In 1989, my life changed.   I went to Springmaid Watermedia Workshop in Myrtle Beach for the first time.   Wow!   The nationally and internationally known artists who taught at Springmaid made such a difference in my art work.  I studied with Alex Powers, who is a phenomenal draughtsman.  His book Painting People in Watercolor:  A Design Approach is a classic .   I  studied with many other watermedia instructors as well, including Skip Lawrence, Mary Todd Beam, Louise Cadillac, Carla O’Connor.   My work changed so much during those years.   I learned something that I still keep in my head about art making from each of those fabulous artists.

A real treat was the year I first studied with Katherine Chang Liu.  Katherine is a fabulous artist but also the most gifted teacher.  Students call her the “art whisperer.”   She knows just what to say to students to help them move forward to the next level in their art.    Though Springmaid Watermedia Workshop as we knew it has now ended, I am fortunate enough to have been invited to study in Katherine’s Ventura, California workshop.  For the past two years, I have gone to this amazing two week workshop with my friend Kitty.

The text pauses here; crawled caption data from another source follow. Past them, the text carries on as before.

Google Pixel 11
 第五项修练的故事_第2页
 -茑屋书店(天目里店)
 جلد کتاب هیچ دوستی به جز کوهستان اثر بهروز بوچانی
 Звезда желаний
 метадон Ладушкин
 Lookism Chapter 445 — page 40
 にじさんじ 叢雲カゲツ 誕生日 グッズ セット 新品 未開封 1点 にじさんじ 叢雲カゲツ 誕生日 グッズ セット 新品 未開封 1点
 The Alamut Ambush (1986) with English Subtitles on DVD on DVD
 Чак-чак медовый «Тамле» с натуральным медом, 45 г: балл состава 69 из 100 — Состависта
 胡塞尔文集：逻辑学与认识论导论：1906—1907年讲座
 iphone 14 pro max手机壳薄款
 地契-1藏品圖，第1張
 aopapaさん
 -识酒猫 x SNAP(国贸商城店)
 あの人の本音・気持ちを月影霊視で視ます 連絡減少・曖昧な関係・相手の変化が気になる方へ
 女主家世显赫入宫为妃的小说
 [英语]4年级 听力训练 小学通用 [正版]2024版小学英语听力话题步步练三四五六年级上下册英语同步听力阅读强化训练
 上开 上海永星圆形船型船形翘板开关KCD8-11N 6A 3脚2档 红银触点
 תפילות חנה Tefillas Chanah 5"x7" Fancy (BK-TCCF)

Kitty is a collage artist and I used to think to myself.  Hmm…who would want to carry all those materials…paper, adhesives, “stuff,” to the workshops.  Then….I had a class with Carrie Burns Brown.   A fantastic teacher, Carrie does acrylic painting and the most wonderful collages.  Her DVD  Watermedia Collage Workshop is the very best instructional video on collage on the market.  She has so many techniques to share.   I learned all these and my favorite new tool was the phototransfer.

In this method, the artist makes a Xerox (toner) copy of a photo she wants to use in a collage.  Then using one of a variety of methods, she makes a copy in reverse of the image.  This can then be transferred either directly on watercolor paper or canvas, or on thin tissue paper which can be moved around wherever the artist wants to put it.

I then add paint, pencil, and other art materials to develop the painting.  The result is a very personal “story” of a family or a single person or a memorable trip or event…the sky is the limit in using transfers in this way.

Here is one of my paintings using my husband’s family photos.   This series, of which there are many paintings, is called “Family Matters.”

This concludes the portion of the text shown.